_What needs to be done_: A faithful transcript of all the lines below, with no pictures, is the goal here.

+++

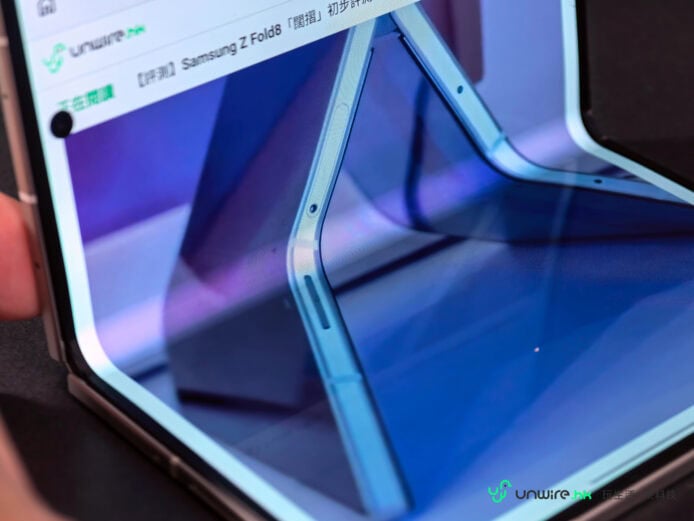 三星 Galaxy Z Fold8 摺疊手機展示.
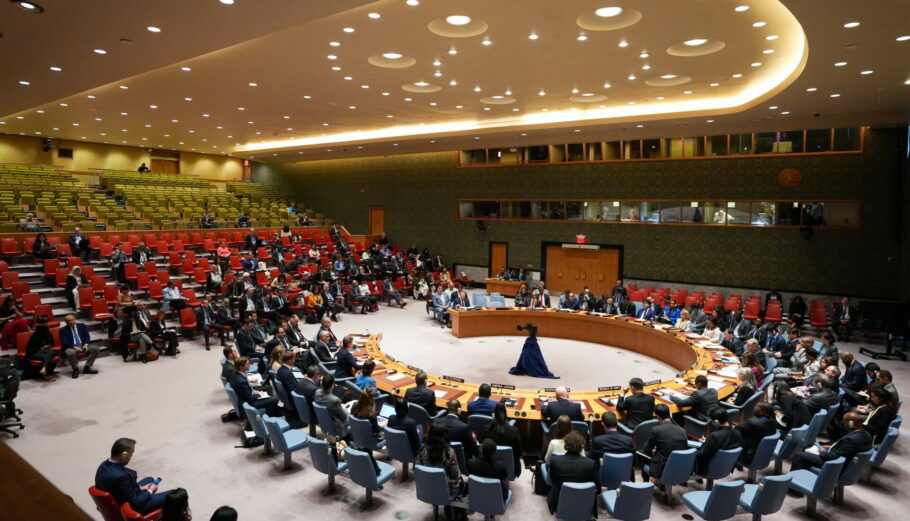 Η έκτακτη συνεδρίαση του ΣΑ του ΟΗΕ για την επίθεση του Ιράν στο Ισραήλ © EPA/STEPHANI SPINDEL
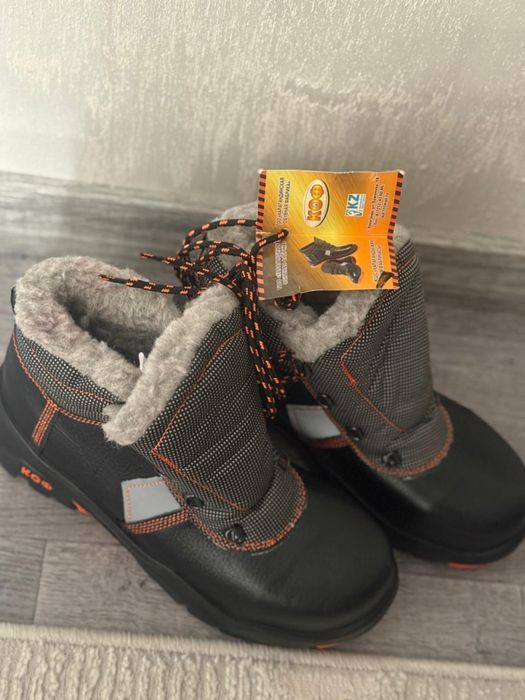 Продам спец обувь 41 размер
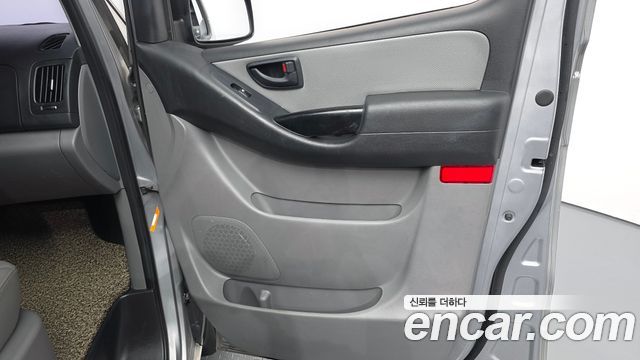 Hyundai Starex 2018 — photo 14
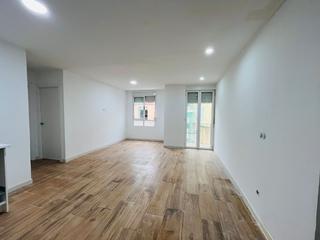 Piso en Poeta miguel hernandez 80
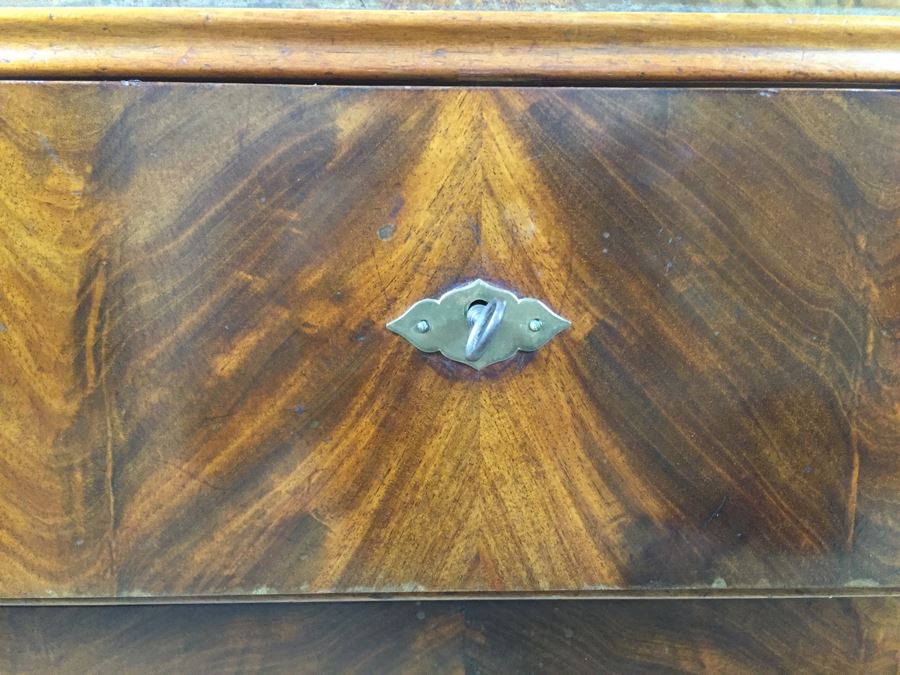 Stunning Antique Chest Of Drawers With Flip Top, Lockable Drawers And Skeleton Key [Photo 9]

+++

_Solution to this problem_:
 三星 Galaxy Z Fold8 摺疊手機展示.
 Η έκτακτη συνεδρίαση του ΣΑ του ΟΗΕ για την επίθεση του Ιράν στο Ισραήλ © EPA/STEPHANI SPINDEL
 Продам спец обувь 41 размер
 Hyundai Starex 2018 — photo 14
 Piso en Poeta miguel hernandez 80
 Stunning Antique Chest Of Drawers With Flip Top, Lockable Drawers And Skeleton Key [Photo 9]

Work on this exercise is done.